Within the records below, reproduce without change the lines from the line that has "深沪湾海底古森林遗迹自然保护区图片" through the line that has "Rusty F1B Mini", and only those.

(Crawled caption data)
===============
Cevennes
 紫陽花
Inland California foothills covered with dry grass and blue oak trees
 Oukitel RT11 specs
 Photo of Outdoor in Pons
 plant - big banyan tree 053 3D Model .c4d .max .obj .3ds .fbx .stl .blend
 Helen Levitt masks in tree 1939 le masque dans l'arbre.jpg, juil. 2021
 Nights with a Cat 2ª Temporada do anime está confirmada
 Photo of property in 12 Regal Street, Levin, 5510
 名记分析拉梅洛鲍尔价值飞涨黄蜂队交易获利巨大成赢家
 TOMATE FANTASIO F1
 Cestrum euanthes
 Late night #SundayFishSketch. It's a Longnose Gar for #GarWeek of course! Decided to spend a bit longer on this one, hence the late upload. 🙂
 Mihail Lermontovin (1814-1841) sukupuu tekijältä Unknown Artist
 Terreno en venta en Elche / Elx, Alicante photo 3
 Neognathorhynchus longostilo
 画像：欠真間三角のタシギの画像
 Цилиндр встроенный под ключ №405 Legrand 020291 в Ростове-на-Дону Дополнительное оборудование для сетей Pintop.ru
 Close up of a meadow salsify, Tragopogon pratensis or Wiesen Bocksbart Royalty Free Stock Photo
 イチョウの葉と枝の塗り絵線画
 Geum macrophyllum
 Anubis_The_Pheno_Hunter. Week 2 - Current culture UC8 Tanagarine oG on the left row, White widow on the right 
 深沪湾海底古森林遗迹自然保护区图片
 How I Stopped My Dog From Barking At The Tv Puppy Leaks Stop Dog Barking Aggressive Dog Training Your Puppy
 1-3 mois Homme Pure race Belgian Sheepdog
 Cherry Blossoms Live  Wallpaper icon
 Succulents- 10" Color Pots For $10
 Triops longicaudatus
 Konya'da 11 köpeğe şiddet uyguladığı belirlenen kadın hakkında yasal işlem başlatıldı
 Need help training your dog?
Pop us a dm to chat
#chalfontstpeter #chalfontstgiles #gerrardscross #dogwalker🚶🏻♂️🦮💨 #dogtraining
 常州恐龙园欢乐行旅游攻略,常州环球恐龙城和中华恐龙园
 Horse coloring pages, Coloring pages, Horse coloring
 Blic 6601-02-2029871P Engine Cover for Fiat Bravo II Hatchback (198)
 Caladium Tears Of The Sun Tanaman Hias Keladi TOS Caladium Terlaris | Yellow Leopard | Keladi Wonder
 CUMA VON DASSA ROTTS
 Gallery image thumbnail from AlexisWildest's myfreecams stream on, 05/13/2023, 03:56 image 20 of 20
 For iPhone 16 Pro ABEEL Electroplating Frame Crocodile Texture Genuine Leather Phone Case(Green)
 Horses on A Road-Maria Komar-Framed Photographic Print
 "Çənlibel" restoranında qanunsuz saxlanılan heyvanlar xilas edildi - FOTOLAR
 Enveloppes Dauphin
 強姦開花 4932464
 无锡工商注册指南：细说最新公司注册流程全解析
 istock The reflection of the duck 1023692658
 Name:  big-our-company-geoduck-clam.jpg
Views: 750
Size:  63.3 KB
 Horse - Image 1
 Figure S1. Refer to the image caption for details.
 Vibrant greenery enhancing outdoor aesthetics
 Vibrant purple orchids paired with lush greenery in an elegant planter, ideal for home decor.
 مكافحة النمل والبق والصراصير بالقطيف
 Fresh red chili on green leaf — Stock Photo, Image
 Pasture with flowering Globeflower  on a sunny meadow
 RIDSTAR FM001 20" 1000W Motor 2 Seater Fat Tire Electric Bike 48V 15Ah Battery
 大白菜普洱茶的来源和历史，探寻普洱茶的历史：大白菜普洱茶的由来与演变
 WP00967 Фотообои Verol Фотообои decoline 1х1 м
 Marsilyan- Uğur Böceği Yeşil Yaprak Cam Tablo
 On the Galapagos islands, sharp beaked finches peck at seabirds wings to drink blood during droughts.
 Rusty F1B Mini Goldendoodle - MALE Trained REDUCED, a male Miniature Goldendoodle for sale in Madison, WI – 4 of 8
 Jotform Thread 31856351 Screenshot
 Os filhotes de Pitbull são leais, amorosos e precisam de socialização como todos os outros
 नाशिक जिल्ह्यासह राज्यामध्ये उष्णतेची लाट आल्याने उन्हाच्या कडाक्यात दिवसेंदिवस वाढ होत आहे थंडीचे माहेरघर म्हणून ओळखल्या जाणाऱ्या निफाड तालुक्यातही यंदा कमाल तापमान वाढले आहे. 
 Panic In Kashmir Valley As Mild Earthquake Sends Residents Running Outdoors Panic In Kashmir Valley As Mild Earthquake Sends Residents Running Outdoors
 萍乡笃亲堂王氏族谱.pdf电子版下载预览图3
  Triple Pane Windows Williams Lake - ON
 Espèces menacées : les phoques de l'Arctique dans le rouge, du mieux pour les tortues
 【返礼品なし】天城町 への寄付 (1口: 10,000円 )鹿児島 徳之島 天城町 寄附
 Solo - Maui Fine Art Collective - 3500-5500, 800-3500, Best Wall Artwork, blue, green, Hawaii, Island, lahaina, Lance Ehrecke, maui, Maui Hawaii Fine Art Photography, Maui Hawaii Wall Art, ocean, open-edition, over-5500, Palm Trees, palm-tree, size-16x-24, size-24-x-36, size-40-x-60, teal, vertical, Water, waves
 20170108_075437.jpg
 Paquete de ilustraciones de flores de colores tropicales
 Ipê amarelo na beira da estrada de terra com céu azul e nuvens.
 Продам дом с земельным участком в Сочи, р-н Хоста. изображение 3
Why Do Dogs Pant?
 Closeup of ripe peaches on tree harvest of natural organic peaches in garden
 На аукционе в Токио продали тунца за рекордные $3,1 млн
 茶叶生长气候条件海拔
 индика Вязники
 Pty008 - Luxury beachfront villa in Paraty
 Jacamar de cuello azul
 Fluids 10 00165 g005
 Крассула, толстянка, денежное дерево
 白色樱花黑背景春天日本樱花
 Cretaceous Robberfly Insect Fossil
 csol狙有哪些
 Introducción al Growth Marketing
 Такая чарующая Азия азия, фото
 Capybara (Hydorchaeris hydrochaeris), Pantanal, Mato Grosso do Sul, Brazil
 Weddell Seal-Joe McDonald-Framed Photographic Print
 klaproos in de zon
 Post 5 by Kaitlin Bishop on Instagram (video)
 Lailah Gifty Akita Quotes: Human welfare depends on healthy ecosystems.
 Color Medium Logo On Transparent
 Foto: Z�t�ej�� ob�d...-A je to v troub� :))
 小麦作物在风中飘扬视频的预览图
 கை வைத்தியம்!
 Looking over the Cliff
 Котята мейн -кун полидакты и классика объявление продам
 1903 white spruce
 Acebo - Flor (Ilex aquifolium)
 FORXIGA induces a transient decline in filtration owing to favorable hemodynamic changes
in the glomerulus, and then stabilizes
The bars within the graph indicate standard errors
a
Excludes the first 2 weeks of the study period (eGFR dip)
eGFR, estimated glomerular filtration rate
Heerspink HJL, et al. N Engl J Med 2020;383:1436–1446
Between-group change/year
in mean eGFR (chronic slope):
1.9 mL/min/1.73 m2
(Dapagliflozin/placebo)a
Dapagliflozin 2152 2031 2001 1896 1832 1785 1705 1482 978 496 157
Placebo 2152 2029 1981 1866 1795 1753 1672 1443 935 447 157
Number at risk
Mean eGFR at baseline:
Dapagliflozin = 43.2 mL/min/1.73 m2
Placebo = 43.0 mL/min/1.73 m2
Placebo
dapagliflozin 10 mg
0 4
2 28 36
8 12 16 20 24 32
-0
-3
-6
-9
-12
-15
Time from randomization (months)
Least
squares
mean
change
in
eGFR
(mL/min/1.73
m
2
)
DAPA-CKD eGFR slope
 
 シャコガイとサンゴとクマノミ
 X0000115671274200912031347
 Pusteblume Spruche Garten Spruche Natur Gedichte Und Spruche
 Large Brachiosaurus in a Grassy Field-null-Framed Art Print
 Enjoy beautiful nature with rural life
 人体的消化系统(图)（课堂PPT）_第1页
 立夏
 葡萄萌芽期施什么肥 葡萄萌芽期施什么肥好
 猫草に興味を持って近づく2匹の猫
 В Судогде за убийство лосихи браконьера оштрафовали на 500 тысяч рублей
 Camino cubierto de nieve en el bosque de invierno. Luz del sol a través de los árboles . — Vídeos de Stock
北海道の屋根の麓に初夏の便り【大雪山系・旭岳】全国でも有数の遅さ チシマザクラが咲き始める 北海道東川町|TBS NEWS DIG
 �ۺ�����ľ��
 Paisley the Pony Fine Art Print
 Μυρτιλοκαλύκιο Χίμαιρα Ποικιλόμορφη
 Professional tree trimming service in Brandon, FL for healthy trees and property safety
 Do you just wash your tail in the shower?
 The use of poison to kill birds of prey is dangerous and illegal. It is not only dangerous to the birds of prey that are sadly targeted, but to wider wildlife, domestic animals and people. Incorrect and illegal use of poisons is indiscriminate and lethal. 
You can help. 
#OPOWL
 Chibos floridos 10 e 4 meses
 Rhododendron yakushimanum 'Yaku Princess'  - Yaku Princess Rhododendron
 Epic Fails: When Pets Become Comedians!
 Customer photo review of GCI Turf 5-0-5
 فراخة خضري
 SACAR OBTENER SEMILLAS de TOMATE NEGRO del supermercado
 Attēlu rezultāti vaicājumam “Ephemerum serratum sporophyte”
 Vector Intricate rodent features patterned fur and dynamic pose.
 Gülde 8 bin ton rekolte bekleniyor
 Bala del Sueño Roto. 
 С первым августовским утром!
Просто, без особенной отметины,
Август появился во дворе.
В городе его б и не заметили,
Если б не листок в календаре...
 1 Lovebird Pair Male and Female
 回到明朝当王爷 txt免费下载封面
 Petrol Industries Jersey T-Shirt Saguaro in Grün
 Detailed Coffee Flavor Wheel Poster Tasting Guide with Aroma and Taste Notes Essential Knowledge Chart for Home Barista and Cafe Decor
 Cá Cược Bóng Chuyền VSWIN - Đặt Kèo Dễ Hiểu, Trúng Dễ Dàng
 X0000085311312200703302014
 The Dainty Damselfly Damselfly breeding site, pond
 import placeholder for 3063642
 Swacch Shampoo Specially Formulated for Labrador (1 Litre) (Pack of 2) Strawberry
===============
__ANSWER TO THE EXERCISE__
 深沪湾海底古森林遗迹自然保护区图片
 How I Stopped My Dog From Barking At The Tv Puppy Leaks Stop Dog Barking Aggressive Dog Training Your Puppy
 1-3 mois Homme Pure race Belgian Sheepdog
 Cherry Blossoms Live  Wallpaper icon
 Succulents- 10" Color Pots For $10
 Triops longicaudatus
 Konya'da 11 köpeğe şiddet uyguladığı belirlenen kadın hakkında yasal işlem başlatıldı
 Need help training your dog?
Pop us a dm to chat
#chalfontstpeter #chalfontstgiles #gerrardscross #dogwalker🚶🏻♂️🦮💨 #dogtraining
 常州恐龙园欢乐行旅游攻略,常州环球恐龙城和中华恐龙园
 Horse coloring pages, Coloring pages, Horse coloring
 Blic 6601-02-2029871P Engine Cover for Fiat Bravo II Hatchback (198)
 Caladium Tears Of The Sun Tanaman Hias Keladi TOS Caladium Terlaris | Yellow Leopard | Keladi Wonder
 CUMA VON DASSA ROTTS
 Gallery image thumbnail from AlexisWildest's myfreecams stream on, 05/13/2023, 03:56 image 20 of 20
 For iPhone 16 Pro ABEEL Electroplating Frame Crocodile Texture Genuine Leather Phone Case(Green)
 Horses on A Road-Maria Komar-Framed Photographic Print
 "Çənlibel" restoranında qanunsuz saxlanılan heyvanlar xilas edildi - FOTOLAR
 Enveloppes Dauphin
 強姦開花 4932464
 无锡工商注册指南：细说最新公司注册流程全解析
 istock The reflection of the duck 1023692658
 Name:  big-our-company-geoduck-clam.jpg
Views: 750
Size:  63.3 KB
 Horse - Image 1
 Figure S1. Refer to the image caption for details.
 Vibrant greenery enhancing outdoor aesthetics
 Vibrant purple orchids paired with lush greenery in an elegant planter, ideal for home decor.
 مكافحة النمل والبق والصراصير بالقطيف
 Fresh red chili on green leaf — Stock Photo, Image
 Pasture with flowering Globeflower  on a sunny meadow
 RIDSTAR FM001 20" 1000W Motor 2 Seater Fat Tire Electric Bike 48V 15Ah Battery
 大白菜普洱茶的来源和历史，探寻普洱茶的历史：大白菜普洱茶的由来与演变
 WP00967 Фотообои Verol Фотообои decoline 1х1 м
 Marsilyan- Uğur Böceği Yeşil Yaprak Cam Tablo
 On the Galapagos islands, sharp beaked finches peck at seabirds wings to drink blood during droughts.
 Rusty F1B Mini Goldendoodle - MALE Trained REDUCED, a male Miniature Goldendoodle for sale in Madison, WI – 4 of 8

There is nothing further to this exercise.